Ici, le mouvement des “Gilets jaunes” rassemble aujourd’hui des citoyens de toutes conditions : des fonctionnaires et des salariés du privé, des entrepreneurs, des travailleurs et des chômeurs, des jeunes et des moins jeunes… et surtout des gens qui, pour la première fois, descendent dans la rue.

L’île est gangrenée par la pauvreté : 42 % de la population vit en-dessous du seuil outre-mer de pauvreté, lequel est inférieur de 30 % à celui de la France entière. Le chômage (23 %), l’instabilité sociale et économique, la fin programmée de la filière canne, complètent le tableau. Face à l’inaction des pouvoirs publics, et malgré les signes annonciateurs des émeutes de 1991 (émeutes de Freedom) et des blocages de 2003 (par les agents des services publics à la suite de la réforme des retraites), le sentiment de révolte a pris de l’ampleur et nous faisons face aujourd’hui à une explosion sociale de taille qui dure depuis le 17 novembre.

La Réunion a désormais deux visages avec, de façon simplifiée, les Gilets jaunes le jour et les casseurs la nuit.

La Réunion le jour

Chaque matin, malgré les annonces de fermeté du Préfet et les renforts de police, les Gilets jaunes installent les quelque 20 à 30 barrages filtrants de l’île sur les principales voies de circulation de l’île.

Les Réunionnais qui ont pris la route le lundi 19 novembre sont restés bloqués plusieurs heures dans leur voiture. Les transports scolaires et le réseau d’autobus sont suspendus jusqu’à nouvel ordre.

Désormais, la population est bloquée à domicile. Par conséquent, la plupart des commerces et de nombreuses entreprises sont à l’arrêt.

Faute de pouvoir drainer les passagers entrant et sortant de l’île, l’aéroport Roland-Garros tourne au strict minimum et, depuis le couvre-feu, il ferme ses portes tous les soirs à 18h00.

Côté ravitaillement, les blocages au port de commerce risquent d’entraîner le ré-aiguillage des containers de marchandises vers les pays voisins en attendant un retour à la normale.

L’accès à l’unique dépôt pétrolier a été bloqué. Les stations-services sont fermées.

Alors que les grandes surfaces ont été contraintes de fermer leurs portes et n’ouvrent qu’à la discrétion des Gilets jaunes sur des plages horaires restreintes, de nouvelles initiatives apparaissent favorisant l’économie locale avec des Gilets jaunes accueillant des stands de producteurs locaux sur les zones de blocage.

C’est la saison des litchis qui commence…

Depuis le mardi 20 novembre, toutes les collectivités, les services de l’État, les crèches, les établissements scolaires et les universités de l’île sont fermés.
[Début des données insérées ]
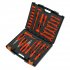 Sealey Premier Insulated Tool Kit 29pc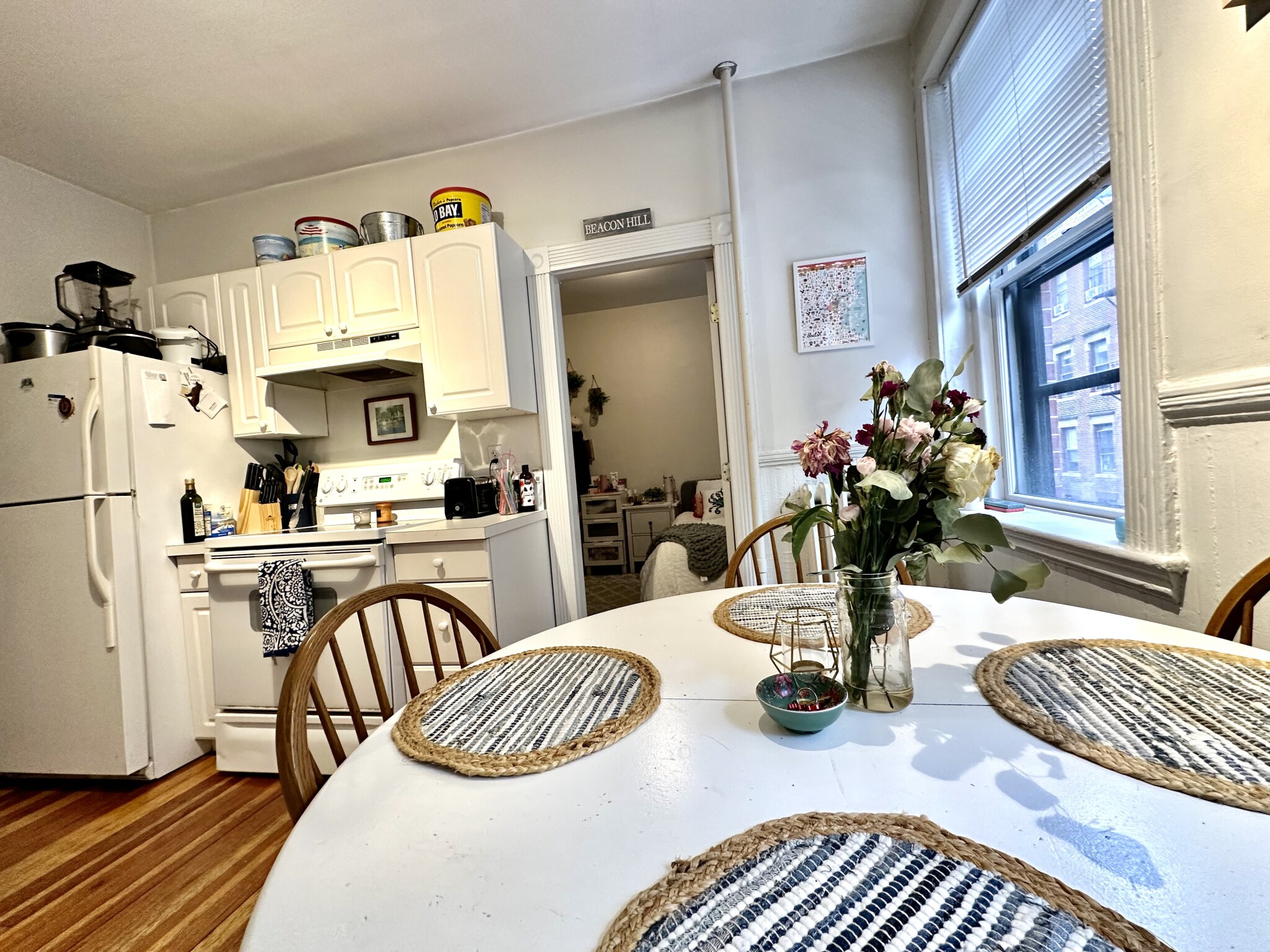 15 Revere St, Beacon Hill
Les événements sportifs et culturels, y compris la manifestation annuelle d’Alternatiba, ont été annulés.

La collecte des déchets est suspendue dans la plupart des communes.

La poste ne distribue plus le courrier.

Les principales radios sont en libre antenne toute la journée, en particulier RTL Réunion qui fait un travail d’information et d’écoute assez remarquable. Entre les nombreux témoignages en faveur des Gilets jaunes, les appels révèlent une certaine exaspération vis-à-vis des blocages, une colère due au chômage technique subi, ainsi qu’un vif ressentiment envers la classe politique locale et nationale. Quelques appels téléphoniques font état d’un racisme « anti-zoreil » et égratignent la belle image du « vivre-ensemble ». D’autres appels dénoncent clairement l’absurdité de cette taxe soi-disant écologique et, parfois même, désignent l’Union européenne comme cause des problèmes.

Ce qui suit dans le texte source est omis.